A Gaza, « l'aide est présente, mais personne n'en profite »

Les groupes humanitaires sont autorisés à envoyer plus de 200 camions par jour. Mais de plus en plus de voix s’élèvent pour dénoncer l’insuffisance des provisions ainsi que l’anarchie régnant dans l’enclave palestinienne.

A Gaza, « l'aide est présente, mais personne n'en profite »

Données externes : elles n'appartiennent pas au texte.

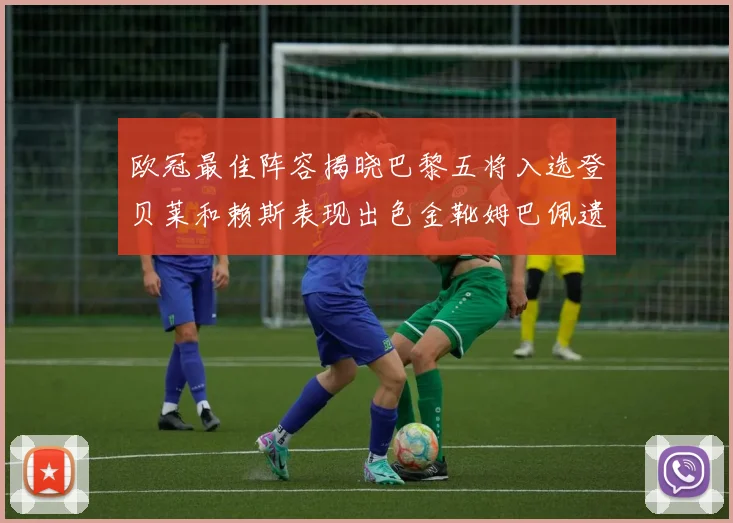 欧冠最佳阵容揭晓巴黎五将入选登贝莱和赖斯表现出色金靴姆巴佩遗憾落选
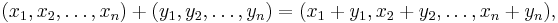 \ (x_1, x_2, \dots, x_n) + (y_1, y_2, \dots, y_n) = (x_1+y_1, x_2+y_2, \dots, x_n+y_n),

Des Palestiniens circulant au milieu des débris des bâtiments touchés par les frappes israéliennes, dans la ville de Gaza, le 27 novembre, au quatrième jour de la trêve entre Israël et le Hamas. Omar El-Qattaa/AFP

L’accord de cessez-le-feu entré en vigueur le 24 novembre entre Israël et le Hamas a permis d’intensifier le flux d’aide acheminé vers Gaza. Les organisations humanitaires sont désormais autorisées à envoyer plus de 200 camions par jour, un record depuis le début de la guerre. Mais de plus en plus de voix s’élèvent pour dénoncer l’insuffisance des livraisons, les provisions étant loin de subvenir aux besoins des Gazaouis, ainsi que l’anarchie régnant dans l’enclave palestinienne.

« Gaza glisse dans un chaos absolu », titre le Wall Street Journal (WSJ), mardi. Sur place, « les habitants affirment que l’augmentation de l’aide n’a rien changé », poursuit le quotidien américain.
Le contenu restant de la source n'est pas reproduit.